Giovanni schüttelte den Kopf und sagte etwas von verrückten Weibern. Aber da kam er an die Rechte. Gleich fing Paulina wieder an: Und der Peppo selig, hatte er es nicht erfahren, ob es ratsam sei, etwas mit Arminis zu tun zu haben? Er spottete, alle seien Narren, und er wage es wohl, sich eine Ziege aus Arminis Stall zu kaufen. Eine Ziege sei eine Ziege, und wenn sie gut sei, so sei sie es, woher sie auch komme. Und um zu beweisen, daß er recht habe, ging er da nicht hin und kaufte sich die langhaarige, schwarze Ziege von Tomaso, jene seidenweiche, in die er sich dann so vernarrte, daß er darüber alles vergaß, sogar seine eigene Frau, daß es gesagt sei … Nein, nein … es war besser, man hielt sich abseits! Halb um Orsannas Sippe zu verteidigen, halb um mehr noch von diesen Geschichten zu erfahren, gab Giovanni einmal zu, er sei auch schon auf der Bargada ein und aus gegangen – was die Frauen wußten und weshalb sie mit solchem Eifer gegen die Arminis loszogen C; er trete etwa in die Küche und sitze zu den Alten, und ihm sei noch nie etwas Absonderliches aufgefallen. Da kreischte Paulina auf und versteckte das Gesicht in den Händen, während Alda breit das Kreuz schlug. «Nie gehört, wie es im Keller schnarcht und gähnt?» rief sie mit einer Stimme, die sich überschlug. «Gott steh dir bei, die Bärin, du wirst sie noch kennenlernen …»

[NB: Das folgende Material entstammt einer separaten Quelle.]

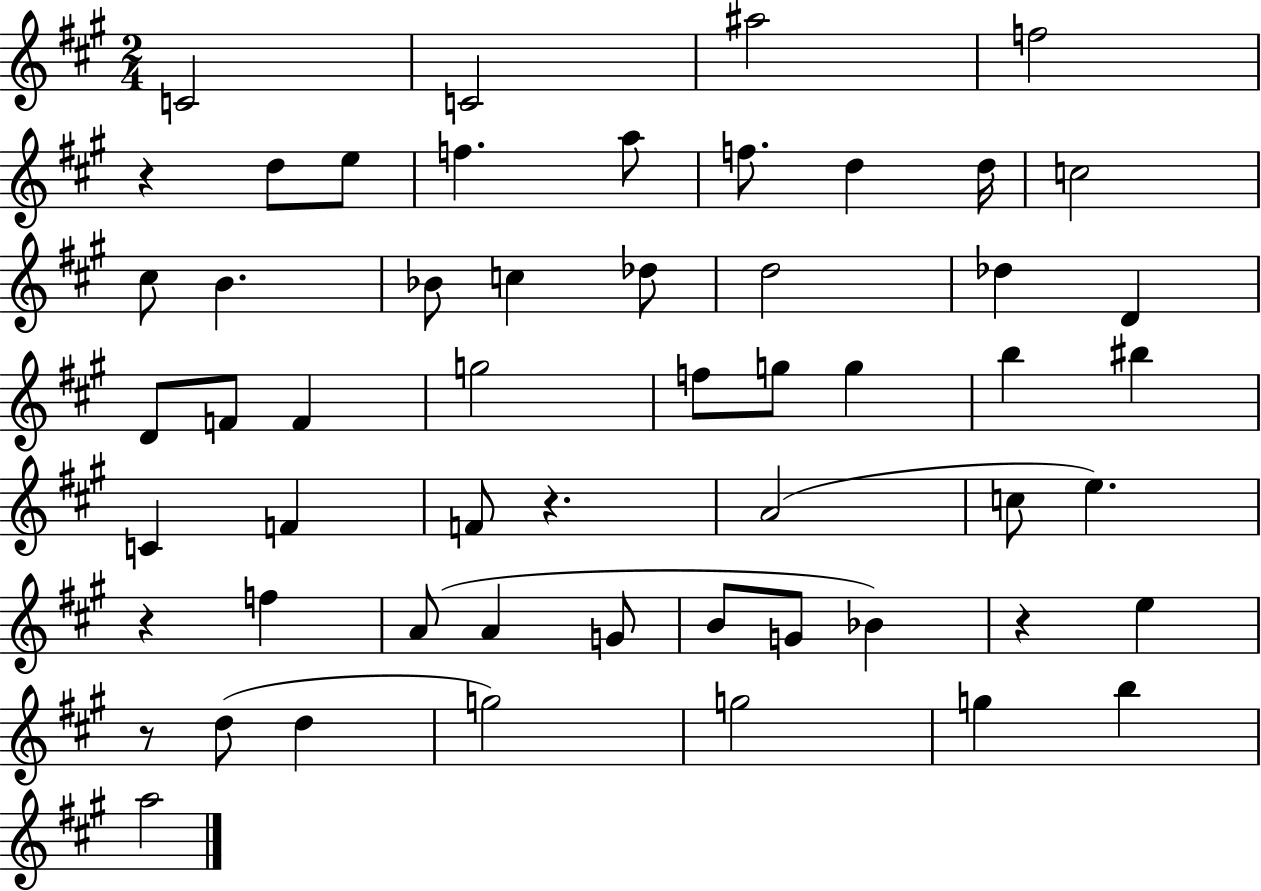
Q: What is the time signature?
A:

Giovanni fuhr es kalt über den Rücken. Er faßte das Tischblatt mit beiden Händen, als wolle er ein Stück herausbrechen. Nun sei es aber genug des Blödsinns, rief er aus. Das Glucksen im Keller sei ein Wetterzeichen. Genau wie hier in der Wirtschaft «Zur Post» die hintere Wand feucht anlaufe, wennʼs regnen wolle, so sei dann das Geräusch dort zu hören. Er wolle zahlen. Doch es schüttelte ihn. Er blieb sitzen und bestellte frischen Wein, obschon er wußte, daß Orsanna auf ihn wartete.